RT @MyLFL: “THE LINGERIE FOOTBALL LEAGUE’S OFFICIAL WEBSITE WWW.LFLUS.COM IS OFFICIALLY ONE OF THE FASTEST GROWING WEBSITEShttp://bit.ly/2YQYvj”

As you know, I’ve written previously about the LFL and I’ve been keeping an eye on what is happening with the league. At the NASSS conference I heard some great audience reception research on why sex does not sell women’s sport, sex sells sex. More specifically, sexy images and sexy female athletes sell sex to young male consumers ages 18-35. I would be really interested to see the market research—who are the consumers and fans of the LFL? (any guesses?)

The LFL is a perfect example of how sex can and does sell sex. The numbers prove it. Arguably, the LFL is not sport it is a dramatic spectacle aimed at entertainment and consumption of the female body.  No where in any of the promotional materials is the athletic competence of LFL “athletes” highlighted or portrayed in any serious way. The  sexualization of the LFL women is overt and aimed at appealing to male sexual fantasy. In fact their website promotes the LFL as “True Fantasy Football” which merges two primary desires and interests of many (not all) US men— football and sex.

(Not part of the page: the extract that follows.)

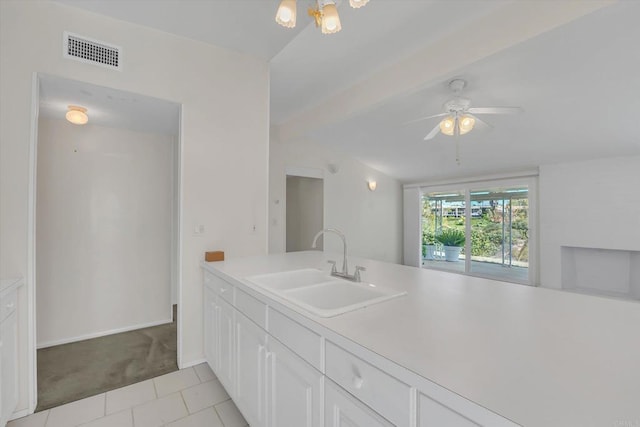 kitchen featuring visible vents, beam ceiling, light carpet, a sink, and light countertops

If you watch the many videos of LFL games posted on the website, you will see continuous images of women tackling each other, acting violent, and slamming each other to the ground.  Yet one women (New Mexico soccer player Elizabeth Lambert) acts aggressive and pulls a ponytail and we have a national outcry (see the video and read examples of indicative responses on Perez Hilton’s blog).  Male athletes act aggressively and unsportsmanlike all the time (remember Zidane’s head butt in the World Cup? or Florida football team member Brandon Spikes fingers through the face mask? , both of which were similarly caught on national TV). Yet, the sanctions for Lambert were severe and quick (permanent dismissal from the team), while Zindane and Spikes punishments were much less in scope and severity.

What is our take home? Females can act aggressively as long as they are sexy, but if a real female athlete acts outside of the rules in real sport, she will be met with quick and severe sanctions…not only within her sport but will be berated by the public…while male athletes can “act like men” with comparatively less fanfare.

What is most interesting to me is the societal discussion and the media’s construction of Lambert’s transgression, rather then the event itself.